I decided to use a switch statement rather than a jump table because I figured the compiler would optimize the jumps for me, which it appears to do. Apparently this results in better branch prediction than a jump table would. I have not tested this, performance-wise, but that's what the literature I've read indicates.
Anyway, since the switch statement is switching on a bytecode, it's pretty massive, and there can be a lot of local variables depending on which case is true. To illustrate:
while (running)
{
switch (opcode)
{
case 0:
{
int a;
int b;
int c;
int d;
...some routine involving a and b...
}
break;
case 1:
{
int c;
...some routine involving c...
}
break;
case 2:
{
// call interpret();
}
break;
}
}
This causes a stack allocation of at least 16 bytes for the four ints (a, b, c, and d), even if case 1 or 2 are true 99% of the time. There's no way to tell the compiler that case 0 is hardly ever true, and odds are it would still allocate space for case 0's local variables just in case.
In a switch statement with 50 cases and each case equally likely, just one case that allocates a large number of local stack space can quickly eat up memory in deeply nested function calls, since the space is allocated on function entry.
This is hardly a problem with "normal" programs, but in my case the interpreter has about 50 cases and calls itself recursively.

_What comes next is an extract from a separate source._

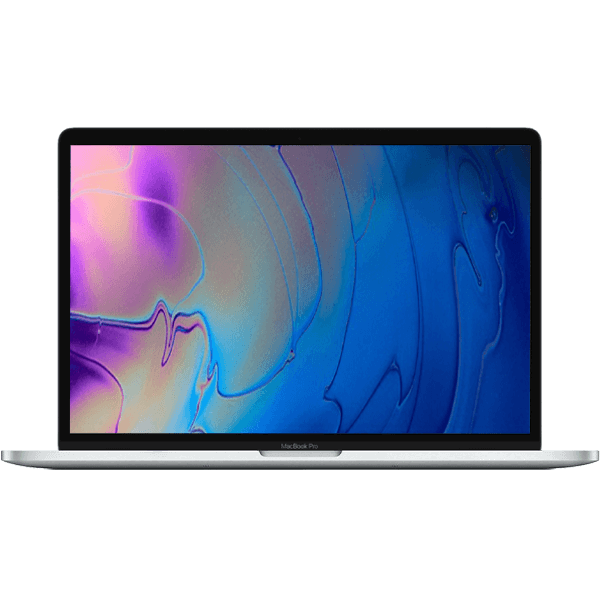 MacBook Pro 15 Zoll | Core i7 2,2 GHz | 256 GB SSD | 16 GB RAM | Silber (2018) | Qwerty/Azerty/Qwertz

With each function entry about 44 bytes (enough for all local variables in the whole function) are allocated, even though most of that memory is never used. This severely limits the depth of recursion when memory is constrained.
The ideal solution would be if the switch statement could allocate the stack space after it evaluates each case.
I may have to work around this using a combination of if/else and switch for the more complex routines.